An Al-Jazeera TV cameraman at Guantanamo Bay has been told he may soon be released after more than six years,  a lawyer said Monday, though the U.S.  refused to confirm the report.
/ Source: The Associated Press

An Al-Jazeera TV cameraman imprisoned at Guantanamo Bay has been told he may soon be released after more than six years in U.S. military custody, a lawyer for the detainee said Monday, though U.S. officials refused to confirm the report.

Attorney Cori Crider told The Associated Press that a delegation of Qatari officials recently visited Sami al-Haj at Guantanamo and told him that he "should be out soon."

It was not immediately clear how the officials received that information, but Qatar is an ally of the U.S. government.

A Pentagon spokesman, Navy Cmdr. Jeffrey Gordon, declined to comment on any possible diplomatic discussions with other countries.

'Cautiously optimistic'
Al-Haj, a Sudanese citizen, was detained in December 2001 by Pakistani authorities as he tried to enter Afghanistan to cover the U.S.-led invasion. He was turned over to the U.S. military and taken in January 2002 to Guantanamo Bay, where the United States holds some 275 men suspected of links to al-Qaida and the Taliban.

"We're cautiously optimistic," said Crider, a lawyer for the British human rights group Reprieve, in a telephone interview from Britain.

Al-Jazeera is based in Qatar and is funded by the royal family of the Persian Gulf nation. The Qatari delegation met with al-Haj at Guantanamo on Jan. 31 and told him he "should be out soon," the cameraman told Crider on Feb. 1. She was able to disclose the conversation only after the U.S. government had reviewed and censored her notes from her meeting with al-Haj.

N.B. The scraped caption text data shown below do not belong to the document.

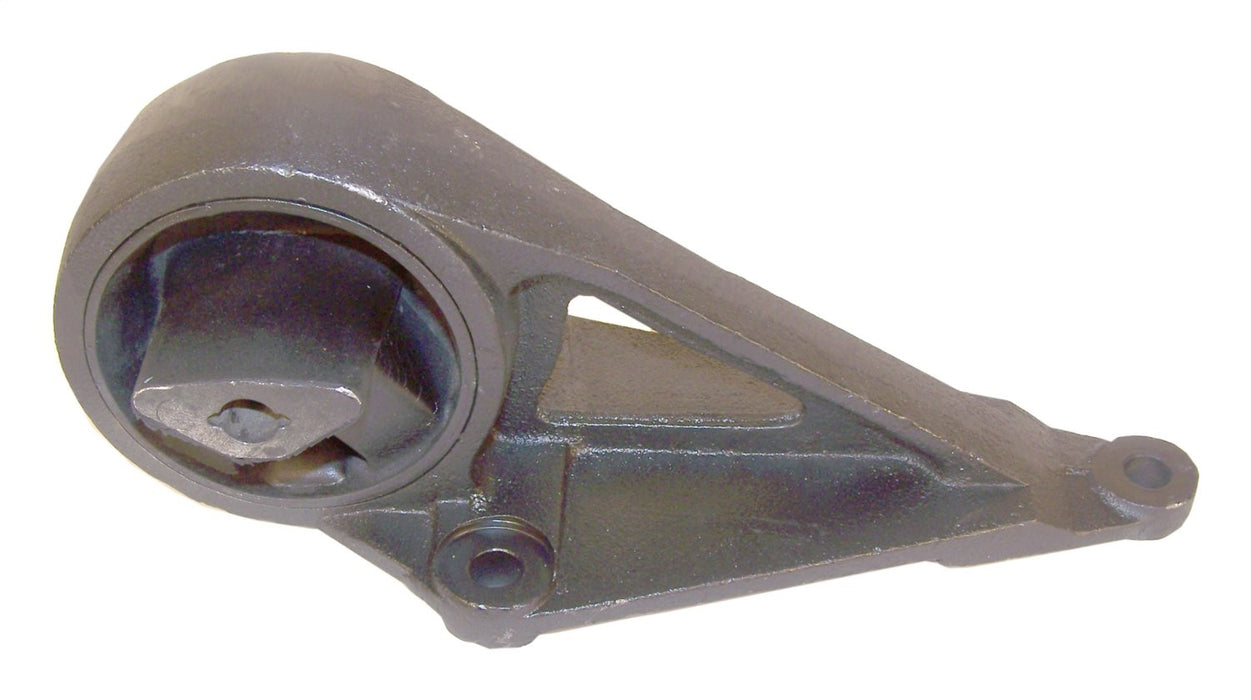 Crown Automotive Jeep Replacement 52058995 Transmission Mount; - Truck Part Superstore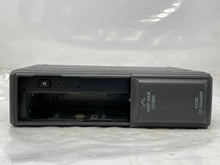 Load image into Gallery viewer, Radio Cadillac Seville 2001 - NW135498
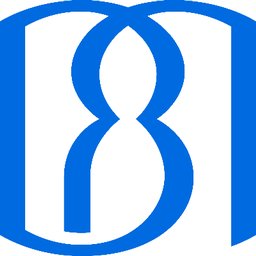 companyLogo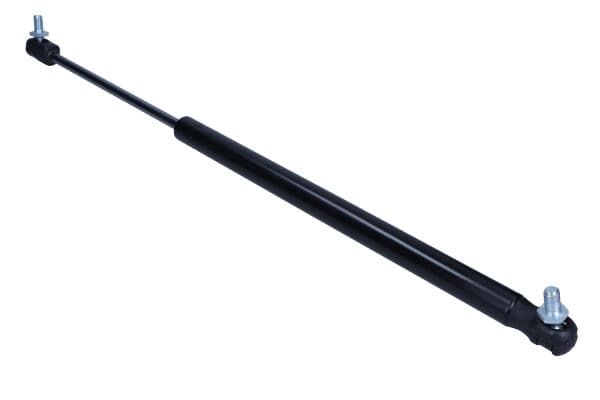 MAXGEAR Pneumatická pružina, Batožinový/nákladný priestor 121930 1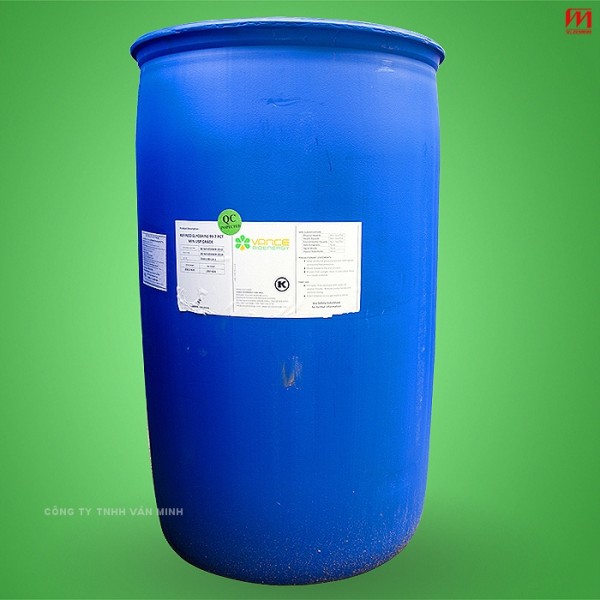 99.7PCT Glycerin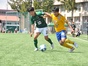 試合シーン17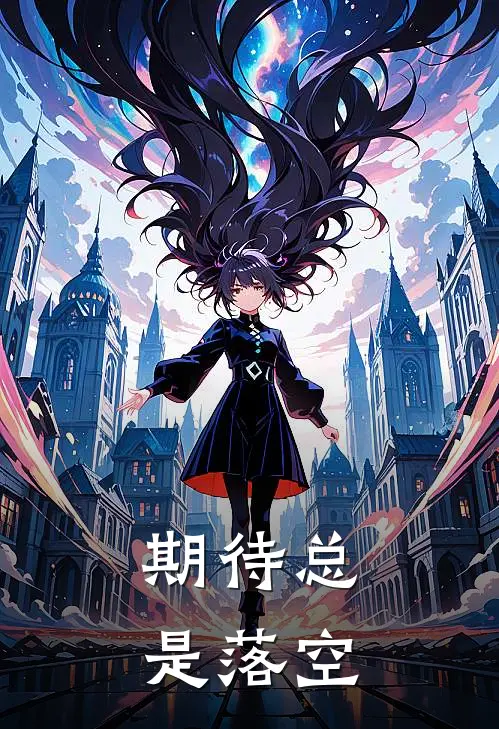 期待总是落空(玥玥凌雪)免费小说完结版_免费小说免费阅读期待总是落空玥玥凌雪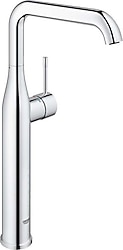 Grohe Essence XL 32901 Tek Kumandalı Lavabo Bataryası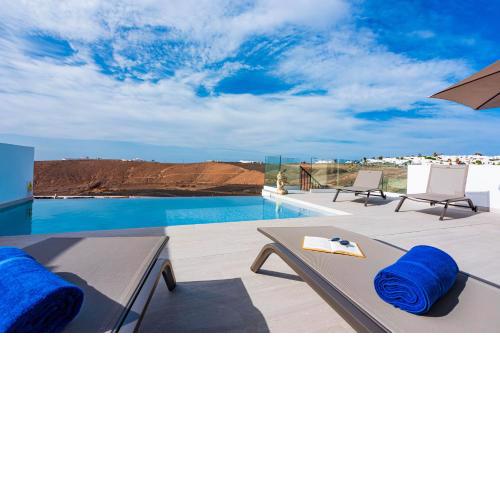 VILLA PAPAYA
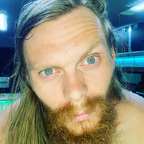 Bruce⭐️🌙 bruce1 Leaked OnlyFans 

 profile picture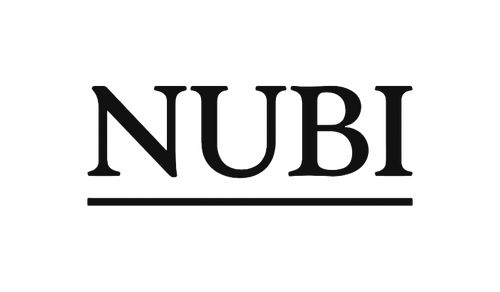 Nubi.com
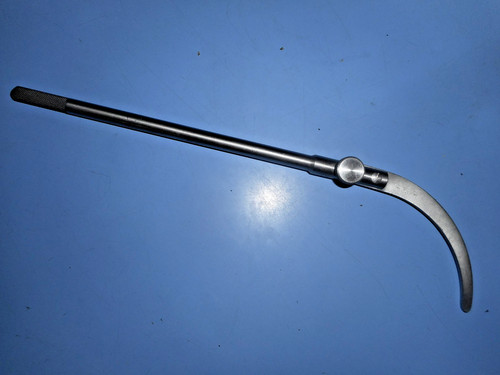 Starrett orphan adjustable - starrett,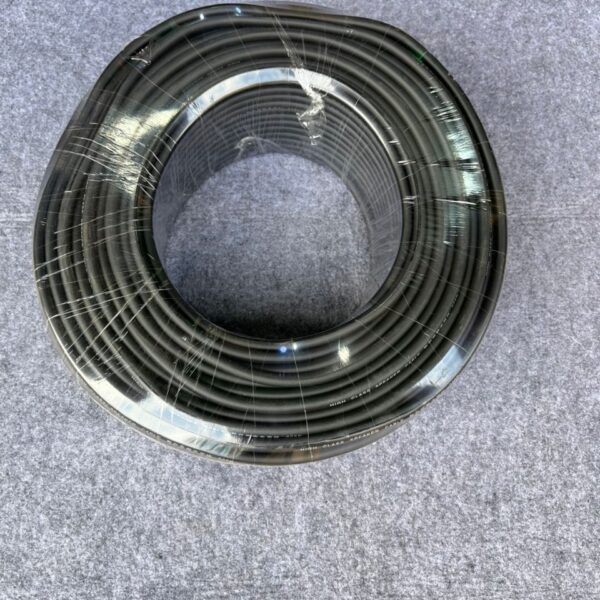 SPEAKER CABLE- 2CORE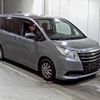 toyota noah 2016 -TOYOTA--Noah ZRR80G-0214625---TOYOTA--Noah ZRR80G-0214625- image 1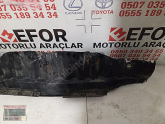 Oto Çıkma Parça / Honda / Civic / Kaporta & Karoser / Arka Panel / Çıkma Parça 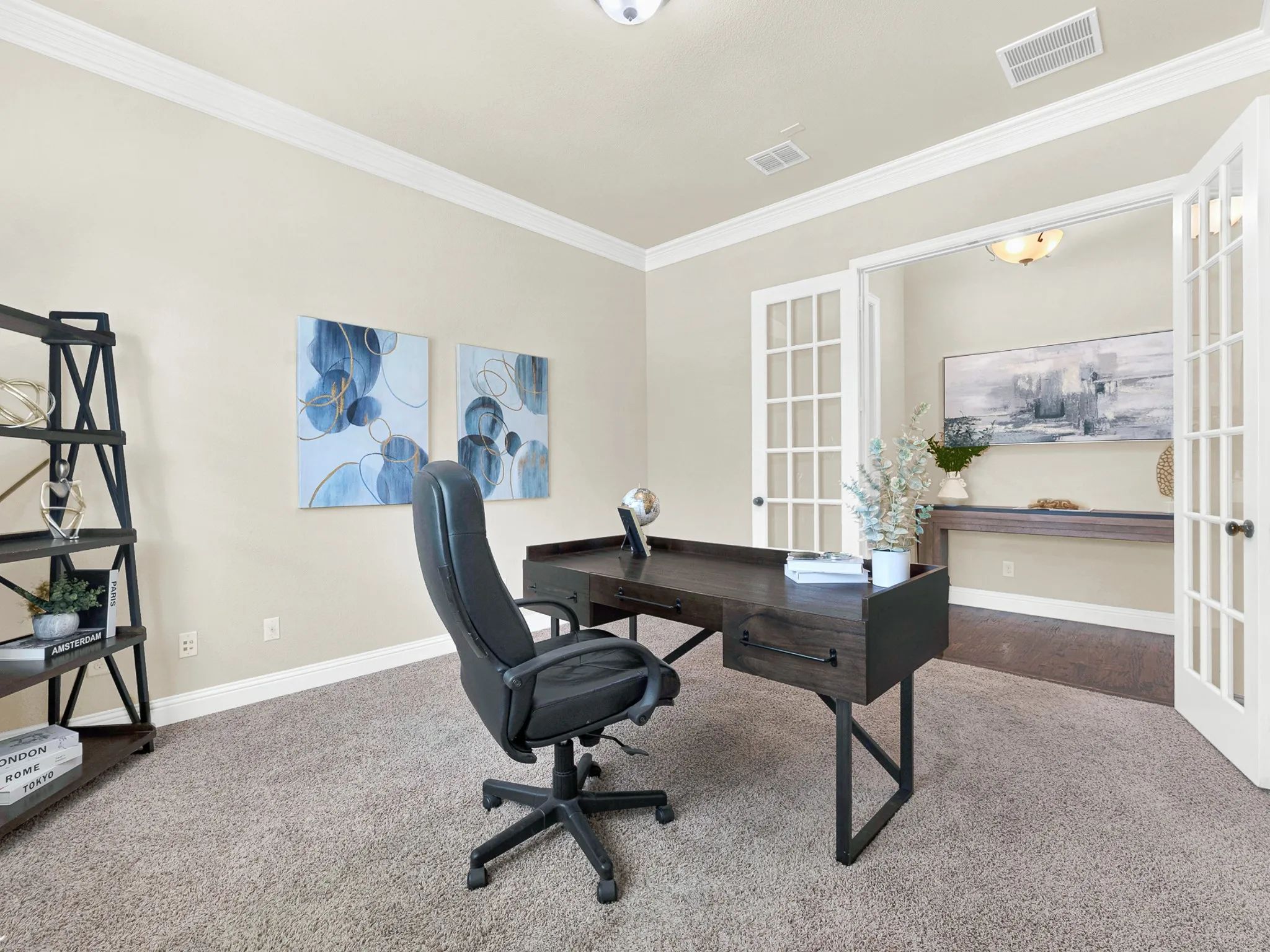 Single Family Residence For Sale in Collin County , 409 Daleport Drive, Murphy, Texas 75094, 5 Bedroom, 5 Bathroom, 3 Garage spaces, 4,162 Sqft, built in 2012, mls#21363504, Real Estate Agent in Murphy, Homes For Sale in Collin county, Homes For Sale in Murphy, Realtor in Murphy Texas, Real Estate Brokerage Independent Realty Texas, Luminita Cordes Realtor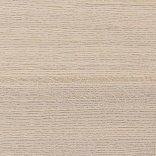 Паркетная доска Focus Floor Smart Дуб Мираж фаска - 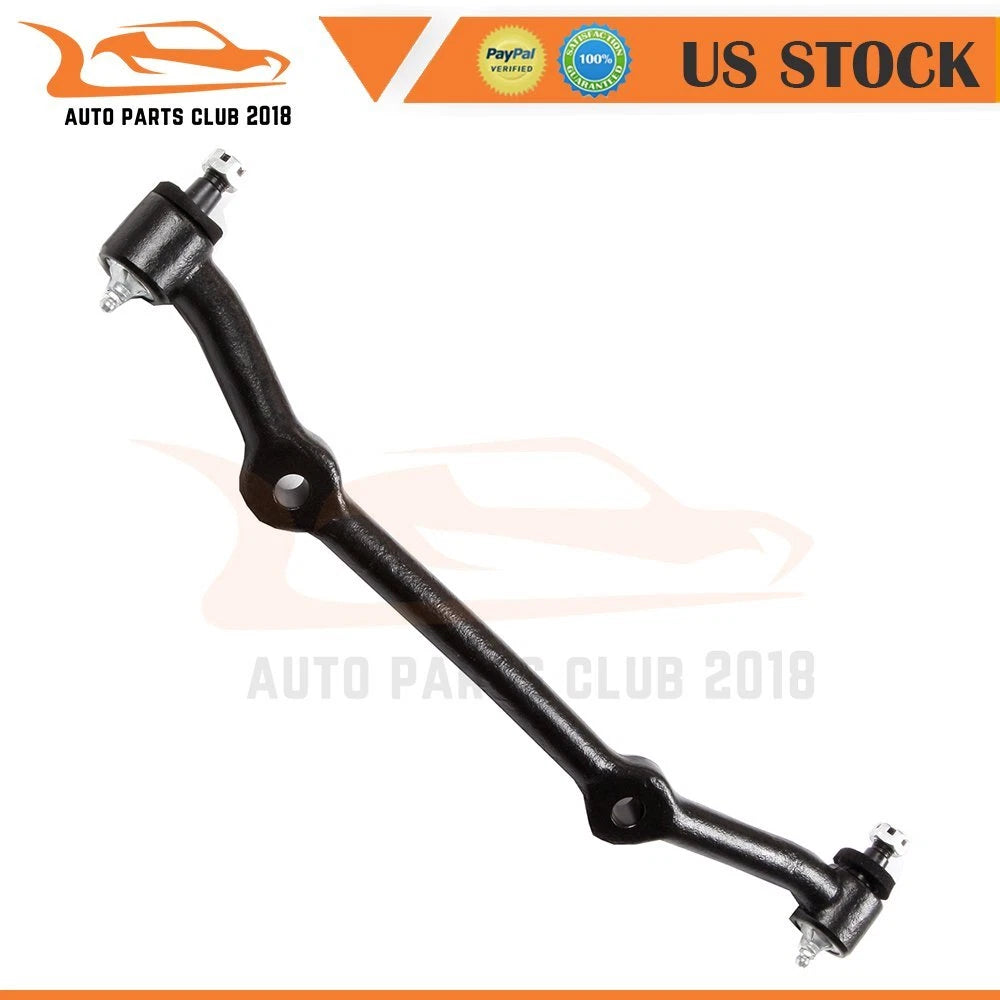 Center Link for Chevrolet (1983–2005) Front Replacement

Crider said she does not know who was in the delegation that visited al-Haj. The press office at Qatar's foreign ministry, reached after business hours on Monday, said it could not immediately provide details on the visit.

Worldwide protests
The cameraman has been the subject of worldwide protests and many view his imprisonment as punishment for a network whose broadcasts have angered U.S. officials. The military says he was a courier for a militant Muslim organization, an allegation his lawyers have denied.

The Qatari officials told al-Haj he could live in their country and resume working for Al-Jazeera, the lawyer wrote.

"The shock for seeing someone come to help him after all this time took him aback and he found himself shaking when he was in the room with them," Crider wrote.

His lawyers say the 38-year-old has been on hunger strike since January 2007 to protest conditions and indefinite confinement at the prison. As of Monday, the military said there were seven men on hunger strike. Hunger strikers at Guantanamo are force-fed twice daily through tubes shoved through the nose.

"Sami has aged several years in appearance in the last six months, and he has definitely lost weight since I last saw him," said attorney Clive Stafford Smith, who saw al-Haj on Thursday. "He pulled up his shirt and his ribs were showing much more clearly than before."

Still, Stafford Smith added, al-Haj's "spirits have lifted" because of efforts to secure his release.